Endlich gibt es nach Kramer vs. Kramer und King Kong vs. Godzilla eine Konfrontation, die uns das Popcorn in den Fingern kalt werden lässt.

Hurra.

J.K. Rowling hat mit Harry Potter für viele Menschen eine emotionale Festung geschrieben.

„Murus nostra inexpugnabilis“, wie’s in einem alten Kirchenlied heißt: Unsere uneroberbare Mauer. Und das ändert sich ja nicht, weil jemand was twittert, und sei es der Autor(m/w/d) selbst. Kunst-vom-Künstler-Trennung.

Auch und gerade für heranwachsende Menschen, die sich in ihrem Alltag aus verschiedenen Gründen nicht gut aufgehoben fühlten.

Persönlich erinnert mich Hogwarts mit seinem Gruppendenken und seinem Druck, „dazu“ zu gehören, etwas zu sehr an meine eigene Kindheit und Jugend, als dass das diesbezüglich besonders viel Eskapismus generierte. Wäre ich in Hogwarts, wäre ich Ravenclaw geworden, aber vermutlich nicht sehr glücklich.

Für eine Gruppe von Menschen hat Rowling diese Festung gerade mit dem Hintern wieder eingerissen.

Funfact: die Redensart „Etwas mit den Händen bauen und mit dem Hintern wieder einreißen ist tatsächlich von einer Tochter von einer Cousine von mir umgesetzt worden.“ Zu ihrer Verteidigung: sie war da noch ein Baby.

Denn zum wiederholten Male hat sie sich online trans*feindlich geäußert und für viele zum TERF getwittert.

Was zum Terf? Wahrscheinlich „als“ Terf. Die treuen Leser und die treue Leserin hat das natürlich schon länger gewusst.

TERF steht für Trans*-Exclusionary Radical Feminist, also trans*-ausschließende*r radikale*r Feminist*in.

Also auf Deutsch: T*a*r*f*. Klingt sieht fast so geil aus wie B*e*e*e*d.

TERF ist eine Zuschreibung und wird von Frauen, die trans*Personen ausschließen, nicht als Selbstbezeichnung verwendet.

Aber von Männern, die Transpersonen ausschließen, schon? Die Nomenklatur ist hier nicht einmal im selben Absatz konsequent.

Sie weigern sich nicht nur, mit trans* Menschen gemeinsam politisch aktiv zu sein, sondern sie leugnen deren Identität und Existenz.

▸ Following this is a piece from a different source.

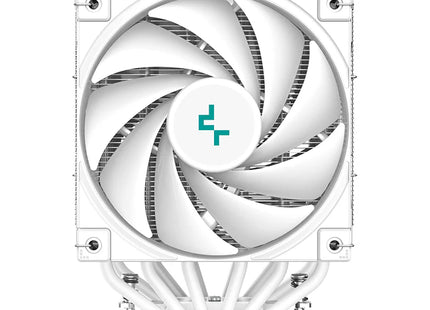 Abanico DeepCool AK620 WH | 120mm FDB | Doble Ventilador | CPU Silencioso | Blanco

Echt? Es gibt niemanden, der die Existenz von Transsexuelle als SOLCHE anerkennt? Es gibt auch niemanden, der sich gemeinsam mit Transsexuellen z.B. für mehr Umweltschutz einsetzt? Gemeint ist wohl, dass Terfs ausschließlich die Probleme von Cis-Frauen als Cis-Frauen lösen wollen. Und die Existenz von Transfrauen insbesondere sind ein Problem für Menschen, die biologische Unterschiede der Geschlechter komplett verneinen, sondern diese auf soziale Konstruktionen zurückführen. Nun, Nationalitäten, Religionen, soziale Klassen und Sternzeichen sind konstruiert. Aber niemand leidet so sehr darunter, im falschen Sternzeichen oder in der falschen Klasse geboren zu sein, dass soe deshalb Selbstmordgefährdet wird. Jetzt wären Transmänner feministischerweise so zu erklären, dass sich jemand in die bessergestellte Gruppe bewegen will, aber Transfrauen beweisen, dass entweder Geschlechter nicht nur sozial konstruiert sind – denn wieso würde sich jemand wegen seiner oder auch ihrer Konstruktion umbringen wollen? – oder, dass es Vorteile für Frauen gibt, die manchen attraktiver erscheinen als die von Männern. Blasphemie! Sakrileg! Steinigt sie!!!

Denn sie vertreten die Position, dass es nur zwei Geschlechter gibt – das männliche und das weibliche, und damit ist grundsätzlich das biologische gemeint.

Nun, da es auch Intersexuelle gibt, ist auch das nicht ganz so. Aber ja, es gibt verschiedene Definitionen von „weiblich“ und „männlich“. Da aber bei 99% aller Menschen unterschiedliche Definitionen dieselbe Zuschreibung auslösen, ist das kein ganz so großes Problem. Weiterhin, die allermeisten Transpersonen möchten so leben, so wahrgenommen werden und so behandelt werden wie die jeweiligen Cispersonen, und das wird durch ein Tweet jetzt erstmal nicht verhindert.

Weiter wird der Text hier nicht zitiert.